Oh Hello There.

I’m Matt from a different quantum timeline.

I figured out the secret truth behind quantum mechanics and I’m sending it to Matt in your timeline so he can tell you.

Stand by.

Listen to the world around you for a moment… What do you hear?

My voice, obviously.

No doubt a sublime subjective experience - but only subjective.

Outside your skull, that sound is nothing but an expanding series of density waves - air molecules mindlessly bumping and shoving each other, oblivious to the complex wave structure that they propagate.

And that sound wave itself can be deconstructed into an overlapping set of simple sinusoidal waves that move independently of each other, in exactly the combination of frequencies and amplitudes to encode me talking about them.

And there are other sounds - the background music, maybe your computer’s fan, or the dishwasher, or the wind, birds, traffic.

Each sound is its own configuration of overlapping sinusoidal waves.

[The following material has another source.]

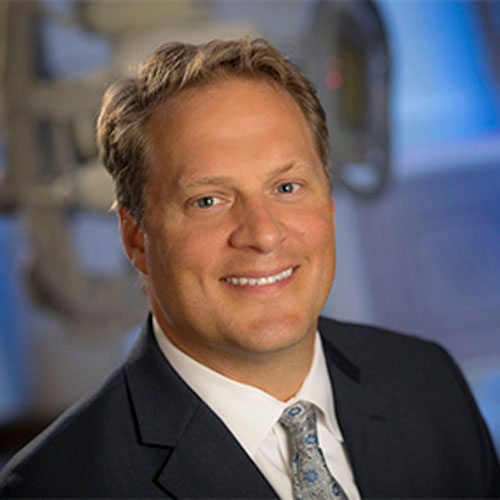 Dr. Gregory Kirwan DO at OSMS - Marinette, WI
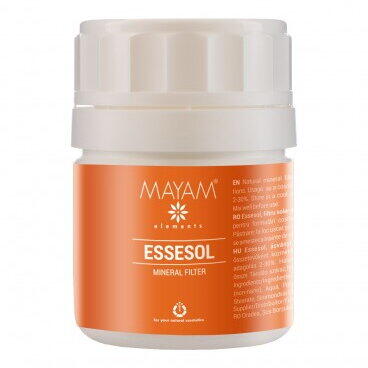 Mayam EsseSol filtru solar mineral-50 gr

All these waves overlap to produce a fantastically complex bath of density fluctuations.

A snapshot of particle positions in the room would reveal a hopeless scramble.

And yet somehow your ear and your brain’s audio processing network can pick out and focus on each individual sound.

Everything I just described is real, but it’s also an analogy for the quantum multiverse.

A tenuous analogy - but bare with me.

In a recent episode I showed you how overlapping systems of ripples on a pond evolve independently of each other due to something called the superposition principle.

This principle also applies to the wavefunction in quantum mechanics.

In the Many Worlds interpretation of quantum mechanics, the universal wavefunction is the reality, encompassing all possible histories and futures and all exist.

But we are only sensitive to a slice of the wavefunction corresponding to our “world”, and due to the superposition principle our world can happily do its thing unperturbed by other parts of the wavefunction - other “ripples”, or worlds.

It’s as though you were only sensitive to one source of sound - say, my voice - and your brain filtered out all the others.

The presence of those other sound waves has no impact on how my voice propagates.

OK, cute analogy, but perhaps pointless because we don’t even know if Many Worlds is right.

There are other ways to interpret the math of quantum mechanics that don’t require a multiverse.

For example there’s the Copenhagen Interpretation, which says that the wavefunction collapses at the point of measurement, leaving only one reality; or de Broglie-Bohm pilot wave theory, which says that particles are particles and waves are waves - and the wavefunction’s job is to shuttle actual real particles around - again, leading to one reality.

And there are quite a few others besides.

We’re now approaching 100 years since the discovery of quantum mechanics, and we still don’t know which of these - if any - are right.

So what’s the holdup?

A clue to the problem lies in the word “interpretation” - an interpretation of quantum mechanics is exactly that - it’s a story about what's really happening behind the math - what “physical” mechanisms give rise to the equations of quantum mechanics.

And the fact is, every prominent interpretation of quantum mechanics is perfectly consistent with the equation that lies at the heart of the theory - that’s the Schrodinger equation.

The Schrodinger equation describes how the wavefunction of a quantum system changes over space and time - and so it should completely determine the measurements we can make of that quantum system.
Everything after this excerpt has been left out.